While on a trip to another place, Krishnamurthi meets Alamelu in a five-star hotel as a prostitute; she reveals that her husband sold her into flesh trade and she had turned into a prostitute, and upon realising that Krishnamurthi loves Margaret, advises him not to leave her. After Krishnamurthi returns to his town and decides to marry Margaret, their families object to this because Krishnamurthi is an Iyer and Margaret is a Christian. As a result, Krishnamurthi and Margaret decide to flee through the hills.

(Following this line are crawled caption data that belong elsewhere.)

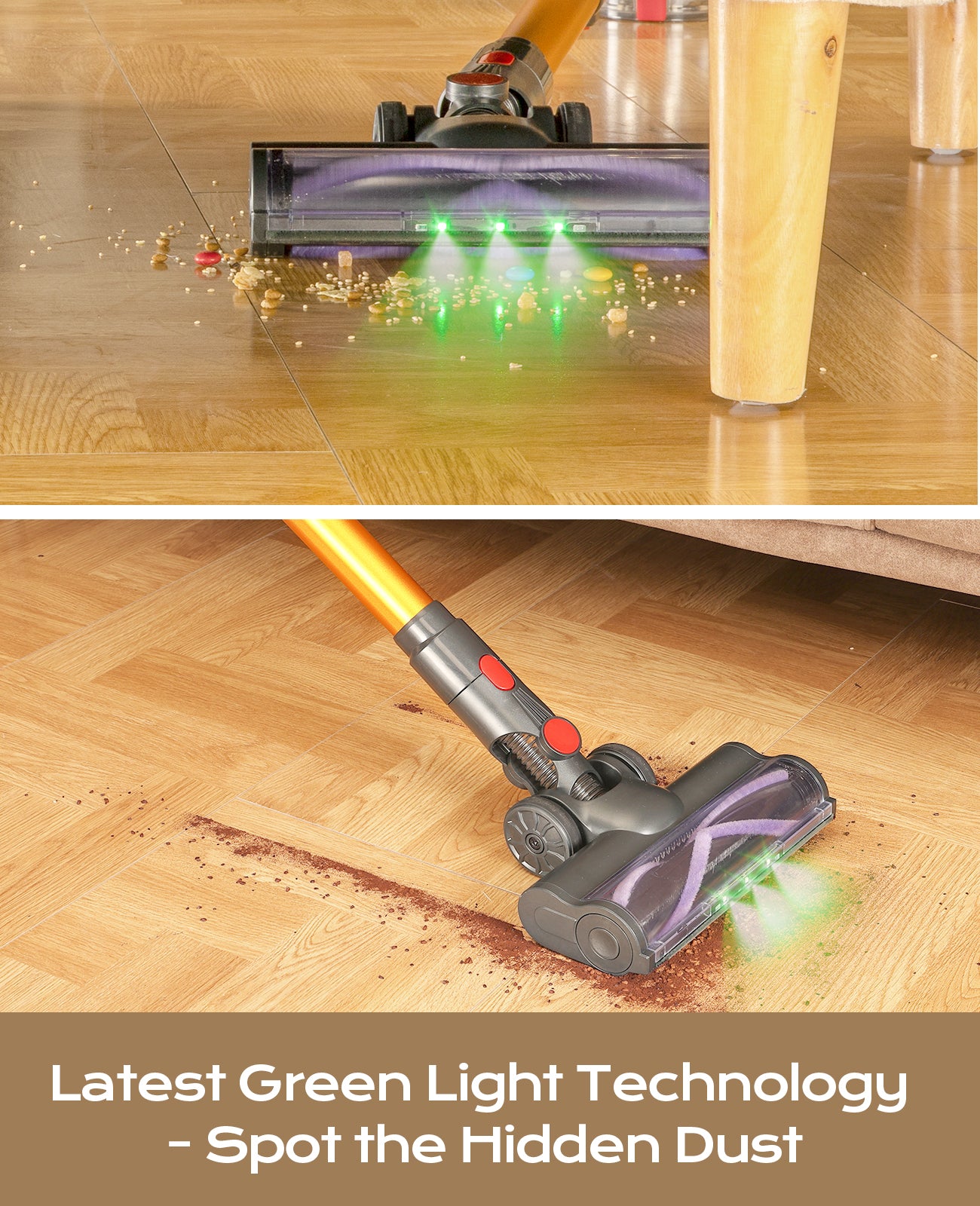 V15 Cordless Vacuum Cleaner, 45Mins Powerful Vacuum Cleaners for Home, Lightweight Stick Vacuum with Advanced Green Light Tech, Rechargeable Vacuum for Carpet,Pet Hair,Hardwood Floor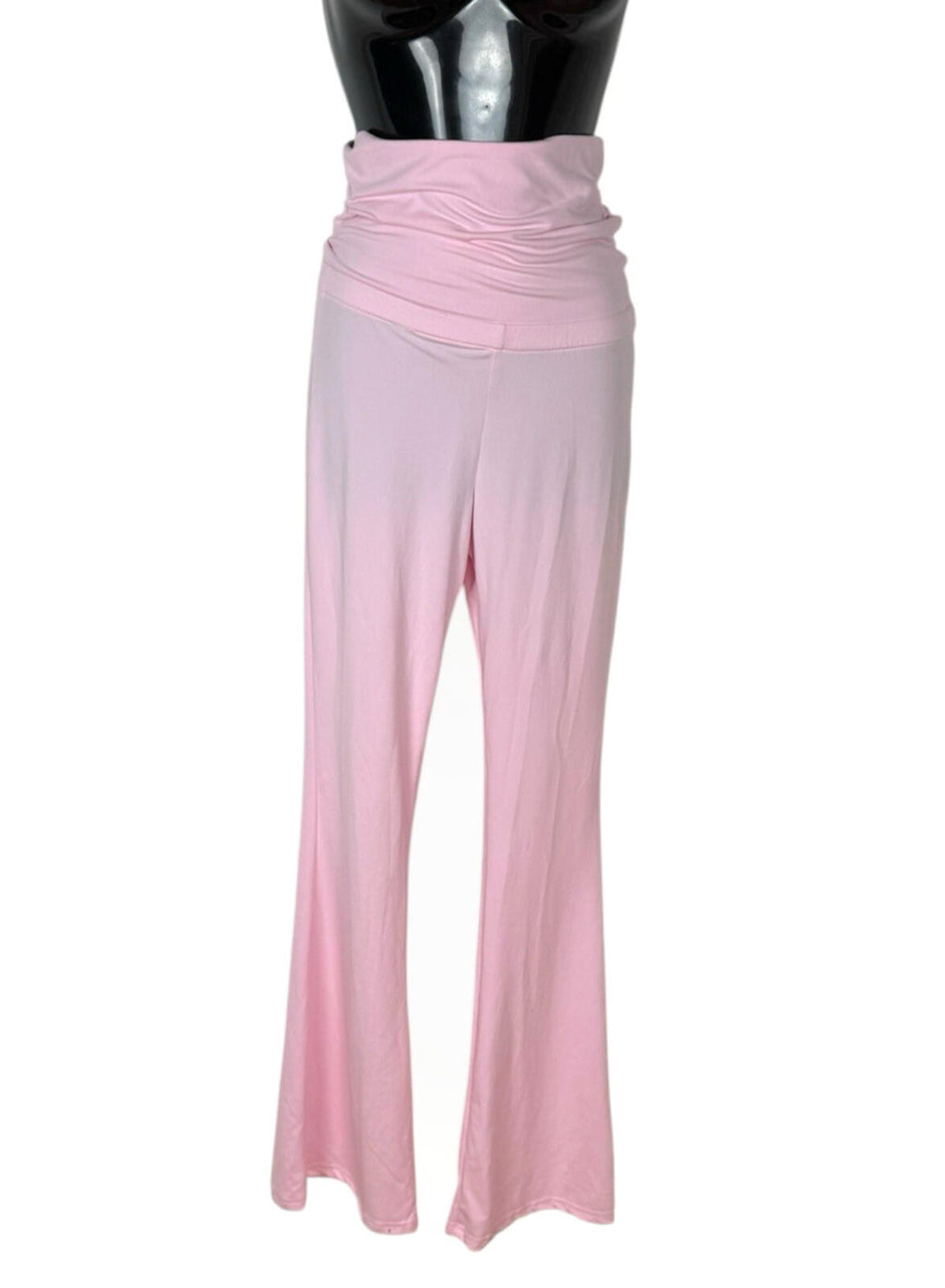 Pink Co Ord Set Women's UK Size XS High Waist Flared Trouser & Crop Top Set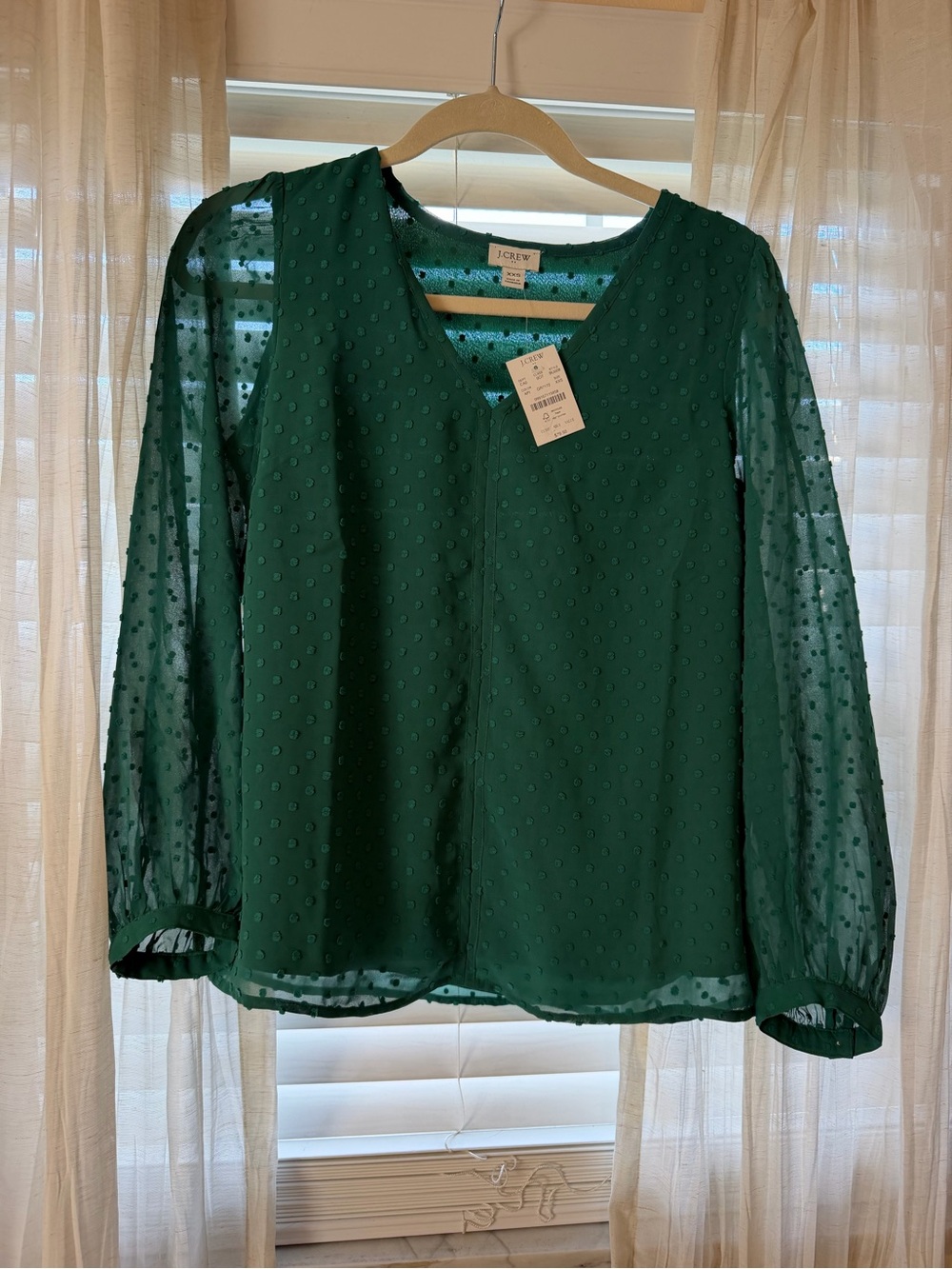 J. Crew Emerald Green Swiss Dot V-Neck Blouse with Sheer Sleeves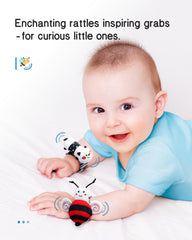 Infinno foot finders on baby's ankles encourage kicking and tracking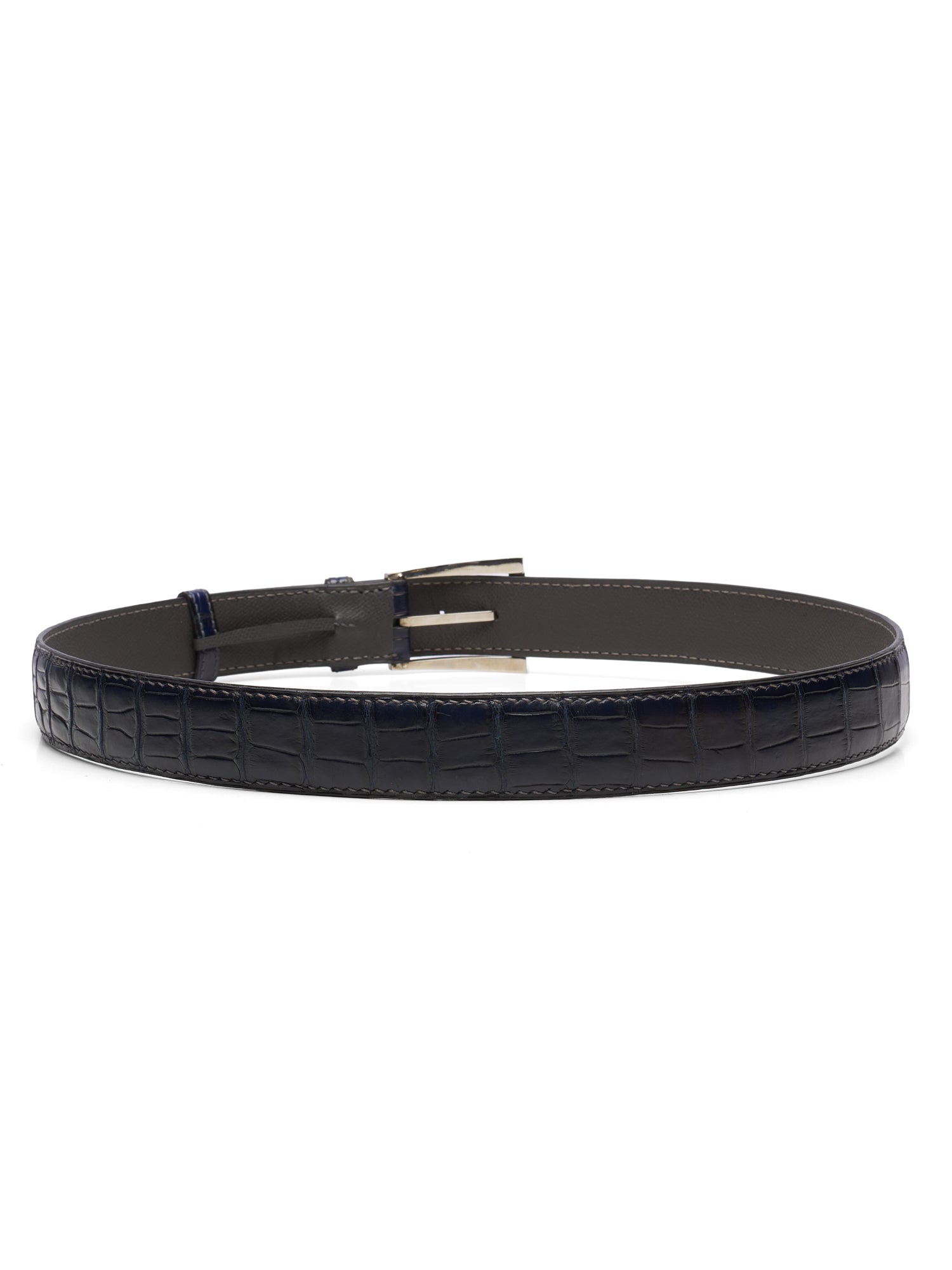 DURET Paris Navy Crocodile Handstiched Belt with Silver Alpha Buckle 36" 90cm
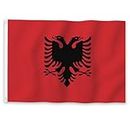 YongFoto Albania Flag 1x1.5ft Albanian National Flags Banner for Outdoor Celebrations Home Garden Porch Party Decoration Flags with 2 Sturdy Grommets Precision Machine Stitched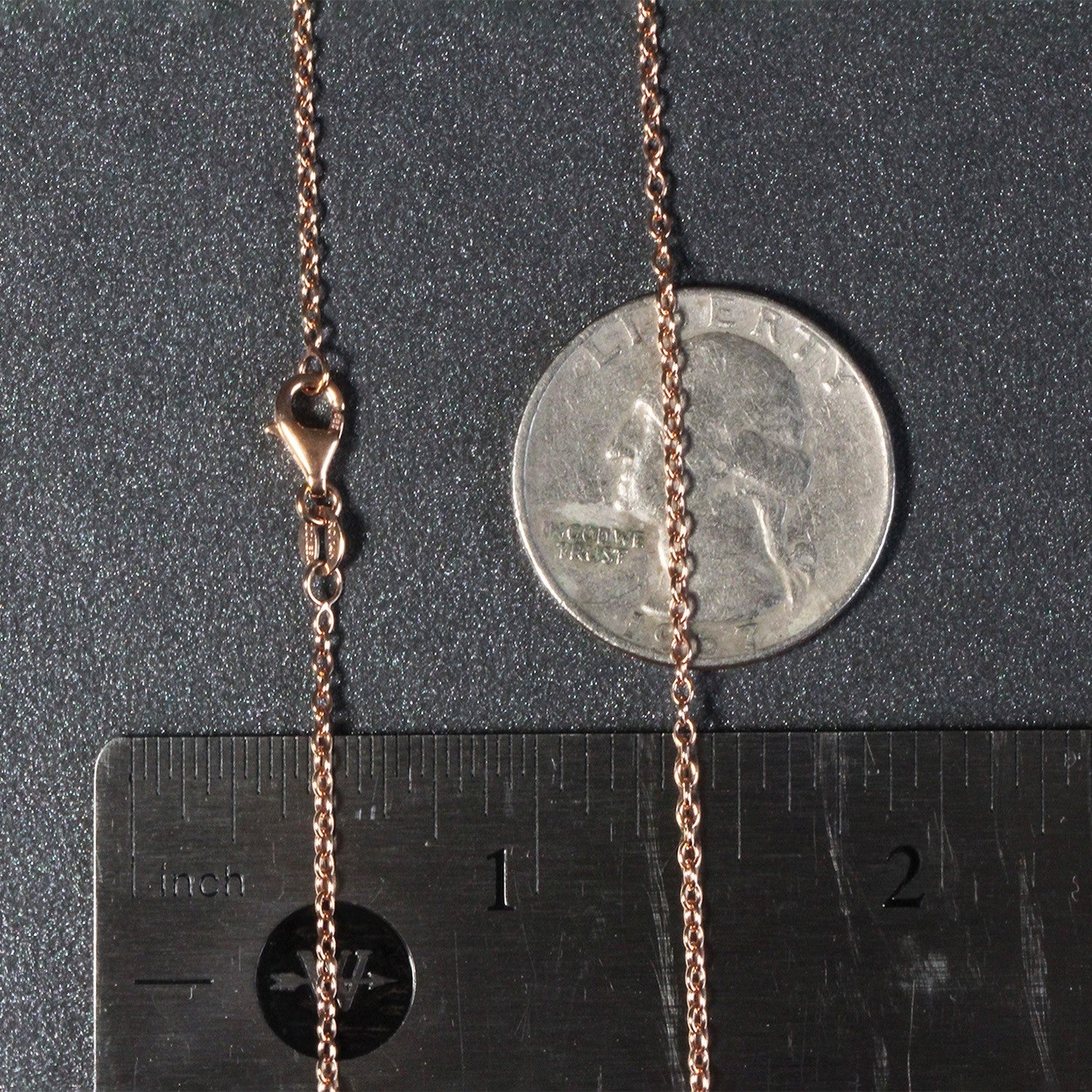 14k rose gold round cable link chain, modern design, 1.50 mm thickness, perfect for layering or standalone elegance.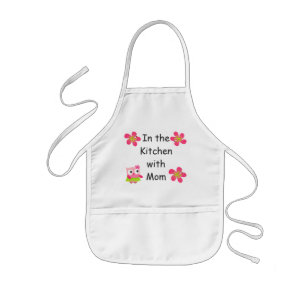 Personalise Kids Apron with Pink Owls and Flowers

Vaathiyar catches up and tells Krishnamurthi that by sacrificing his love for Margaret, he will be holding his religion and tradition before love. Krishnamurthi says he will not assent because the last time he did, it went wrong and Alamelu became a prostitute. Vaathiyar, accused now of ruining Alamelu's life, realises that Krishnamurthi was right and he was wrong. However, he says Krishnamurthi's parents will still not agree to the marriage. Krishnamurthi decides to leave with Margaret to another town and Vaathiyar tries to stop him, but Krishnamurthi accidentally pushes him down the hill to his death. Remorseful, Krishnamurthi asks Margaret if she will join him where he goes; she says she will, and both jump to their deaths.

== Production ==
Raja Nagam is a remake of the Kannada film Naagarahaavu (1972), itself based on three different novels: Nagarahavu, Ondu Gandu Eradu Hennu and Sarpa Mathsara, all written by T. R. Subba Rao. The remake was directed by N. S. Manian, who also produced the film under Jagajothi Pictures, and wrote the screenplay. Srikanth's role as the male lead Krishnamurthi was a departure from the villainous roles he was generally known for. Shubha, who portrayed Margaret in Nagarahavu, reprised her role. Cinematography was handled by Chandrasekharan, and editing by R. Devarajan. The film was prominently shot at Bhuvanagiri Fort. The final length of the film was 3789.27 metres.

== Soundtrack ==
The soundtrack was composed by V. Kumar, while the lyrics were written by Vaali. "Devan Yesuvin Vedam" (also known as "Devan Vedhamum Kannan Geethaiyum") became the film's most popular song.

Track listing
| No. | Title | Singer(s) | Length |
|---|---|---|---|
| 1. | "Dhevan Vedhamum" | P. Susheela, S. P. Balasubrahmanyam |  |
| 2. | "Mannavan Thottanadi" | P. Susheela |  |
| 3. | "Samudhaya Veedhiyile" | P. Susheela |  |
| 4. | "Manavan Ninaithal" | T. M. Soundararajan |  |

== Release and reception ==
Raja Nagam was released on 25 July 1974, and was distributed by Jayam Combines. Kanthan of Kalki praised the film for the cast performances, Manian's dialogues and direction, and the cinematography. It was a commercial success, running for over 100 days in theatres. Shubha went on to win the Chennai Film Fans' Association Award for Best Supporting Actress.